その日のうちに退院し、旅行の準備を始めた。

「……母さん、旅行に行く金、あるのか?」

準備しているとき、ふと思った。

俺の入院費、治療費はかなりするはず。父さんがいないうちは、かなり経済状況が厳しいと思う。

「もしあれなら、俺のバイト代……」
「やめてよ、玲生。そんな心配しないで、純粋に楽しみたいの」

旅行カバンに着替えを詰め込んでいる母さんは、頬を膨らませている。

たしかに、楽しいことに水を差すようなことを聞いたかもしれない。

それでも、気になるものは気になる。

「……一泊だけし、県内だもん。そんなにかからないよ」

そんな俺に気付いたのか、母さんは不服そうに、小声で教えてくれた。

「……そっか」

言いたくないことを言わせてしまい、無性に謝りたくなった。でも、絶対に謝ったらいけないように思った。

「楽しい旅行にしような」

母さんは子供のような笑顔を見せた。



翌朝、母さんの運転する車に乗り、予約した旅館に移動する。

運転中の母さんは車内に流れる曲を口ずさんでいる。

楽しそうでよかった。

母さんは、俺が病気になったと、二十歳まで生きられないと知ってから、いつも元気がなかった。

中学生になってからは急に環境が変わったこともあって、母さんに八つ当たりをするようになった。

どうして俺が病気なんだ。
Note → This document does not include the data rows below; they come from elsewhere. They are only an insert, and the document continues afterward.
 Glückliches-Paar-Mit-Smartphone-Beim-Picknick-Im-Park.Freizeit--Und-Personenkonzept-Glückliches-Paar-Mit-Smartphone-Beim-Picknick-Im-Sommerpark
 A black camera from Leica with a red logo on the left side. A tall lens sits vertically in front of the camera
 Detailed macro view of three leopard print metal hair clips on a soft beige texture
こんなに苦しまないといけないんだ。生まれてこなきゃよかった。

相当酷いことを母さんに言ってきた。

そのうち通院生活も慣れてきて、二十歳まで生きられないという現実も受け入れられた。
それでも、母さんに対する態度はあまり改善されなかった。

高校受験をするとき、やっと母さんの言葉を聞いて三年間の言動を反省したけど、後悔するには遅すぎた。

「玲生の人生だもん。玲生が好きなように生きたらいい。ただ、自分を苦しめるようなことはしないでね」

ごめんと謝ることも出来なかった。

それから俺はバイトを始めたり、髪を染めたり、自由に遊んだりと母さんとの時間をないがしろにしていた。

どこまでも親不孝者だ。昨日みたいに母さんに言われないと気付けない。

お嬢様に説教できた立場じゃなかった。

「ちょっと玲生ー?どうしてそんなに暗い顔してるのー」

ちょうど信号で車が停まったらしく、母さんは俺の頬に指を突き刺した。